De la morale sans principes …

Paris Vox (Tribunes) – Nous proposons régulièrement à nos lecteurs la retranscription écrite des chroniques quotidiennes d’Arnaud de Robert sur Radio Libertés.

_________________________________________________________________________________________________________________________________________

Ce sera normalement la première loi du gouvernement Philippe et de la présidence Macron. Je veux parler bien sûr de la fameuse loi sur la moralisation de la vie politique. Et le moins qu’on puisse dire c’est que cette loi est une mauvaise, voire très mauvaise idée, et ce à plusieurs titres.

D’abord tout simplement parce que la communication sur cette future loi arrive en plein milieu d’une avalanche de révélations assez dommageables pour le tout jeune gouvernement. Le Canard enchainé d’abord qui révèle que Richard Ferrand, le fidèle macronien de la première heure, l’âme de la campagne présidentielle, aurait favorisé l’enrichissement de son épouse à hauteur de 500 000 euros et salarié son fils de manière fictive.
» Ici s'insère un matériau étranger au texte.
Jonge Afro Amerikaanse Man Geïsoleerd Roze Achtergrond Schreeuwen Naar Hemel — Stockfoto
Puis on apprend par Corinne Lepage que le Garde des Sceaux, François Bayrou himself, aurait eu une secrétaire pendant cinq ans salariée directement sur les fonds européens de Marielle de Sarnez, son adjointe au Modem et elle-même actuellement ministre. Un comble puisque c’est Bayrou qui est spécialement chargé de rédiger cette loi de moralisation. Tout cela sent bon la tartufferie et ressort au mieux d’une faute de communication, au pire d’un vrai plantage gouvernemental en grande pompe. Et cela met Macron dans une position difficile. Soit il est vraiment cohérent avec lui-même et il vire tous ceux qui sont soupçonnés de malversations et ça va créer un vide au gouvernement, soit il ne fait rien et c’est pire. Cruel dilemme insatisfaisant dans toutes ses options.
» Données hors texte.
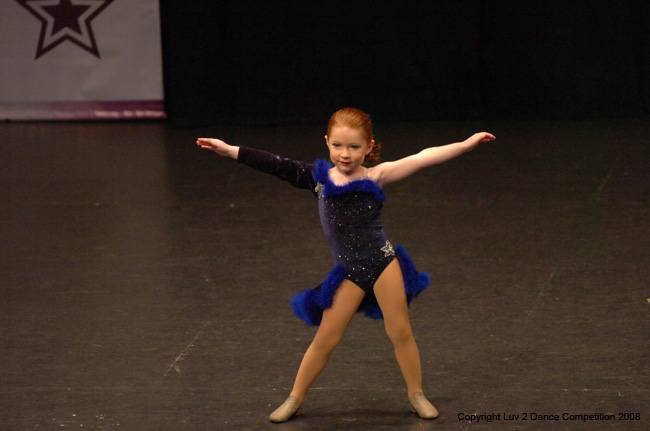 Luv2Dance080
Ensuite, parce qu’attaquer un quinquennat par une loi de ce type s’apparente à une faute politique. Pourquoi ? Après tout, il y a eu et il y a encore tellement de scandales, on en aurait bien besoin. Oui mais voilà, si les français veulent que cela change, ils veulent d’abord que cela change pour eux et attendent Macron sur des plans structurels et vitaux : le chômage, le terrorisme, l’immigration … Au reste, personne ne croit qu’une loi métamorphoserait l’ensemble des politiques en chevaliers blancs. Non, les français  veulent du concret pour eux, leur avenir, celui de leurs enfants, la continuité d’un mode de vie, la préservation d ‘une culture. C’est vrai qu’ils en ont marre de la corruption politique. Mais sont encore plus fatigués par le marasme économique, la peur des attentats et la pression migratoire. Ils veulent voir du travail, pas des politiques qui travaillent encore pour eux et pour régler leurs comptes propres.
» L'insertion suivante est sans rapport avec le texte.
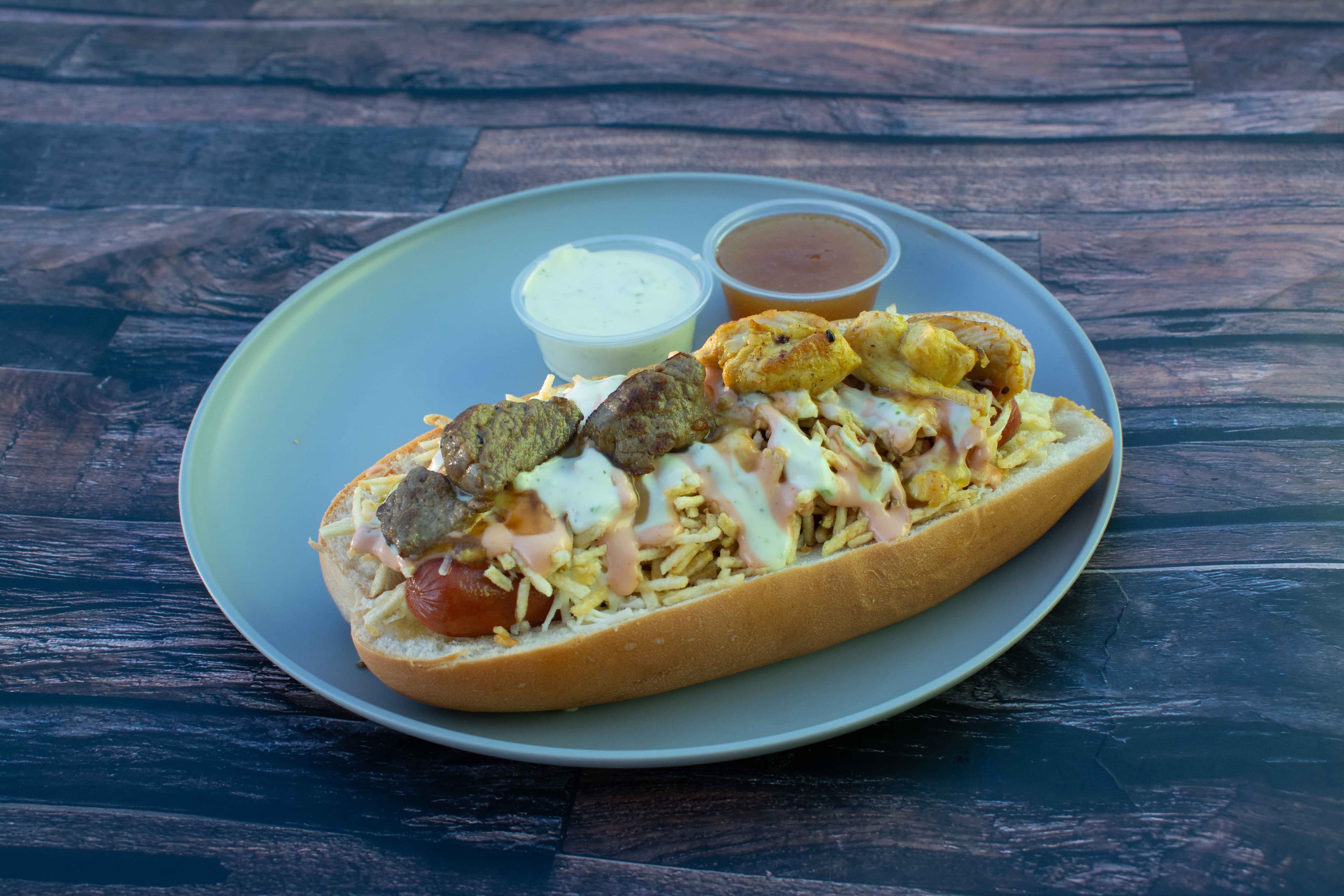 Perro caliente mixto con carne, pollo y papitas ripio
Les français  veulent du concret pour eux, leur avenir, celui de leurs enfants, la continuité d’un mode de vie, la préservation d ‘une culture.

Enfin parce que cette loi n’est pas une loi de résorption de la corruption, des délits d’initiés, et des emplois fictifs en politique, mais une loi de normalisation à l’américaine. Une loi de transparence très formelle qui entre en rupture directe avec la tradition française d’auto-régulation. Cette loi de conformité, véritable point de départ d’une dictature de la transparence que je dénonçais il y a peu à ce micro, ne règle pas le manque d’intégrité des politiques. Elle les oblige seulement à devenir plus malins. Aux Etats-Unis, où il existe une législation assez contraignante et pleinement tournée vers la transparence, il n’y a pas moins de corruption, elle est seulement d’une forme différente. Finalement cette moralisation ne signifie pas autre chose qu’une tentative maladroite de réinstaurer de la morale là où la probité fait défaut. Mais la probité ne résulte pas des lois. La contrainte ne crée pas de la droiture. Elle oblige seulement à donner l’illusion de la droiture, à manifester l’apparence d’une forme de droiture. La vraie probité, l’intégrité incarnée ne peut être que le produit d’une éducation fondée sur des principes intangibles et non sur une morale élastique. Et puis surtout, cette moralisation juridique n’apportera pas plus de compétence aux politiques. On peut être moralement irréprochable et politiquement nul, insipide. Alors, à la morale alibi, à la transparence terne, préférons enseigner et incarner les principes qui ont forgé notre pays et plus largement notre civilisation. Car notre politique c’est celle de l’honneur. Bonne journée !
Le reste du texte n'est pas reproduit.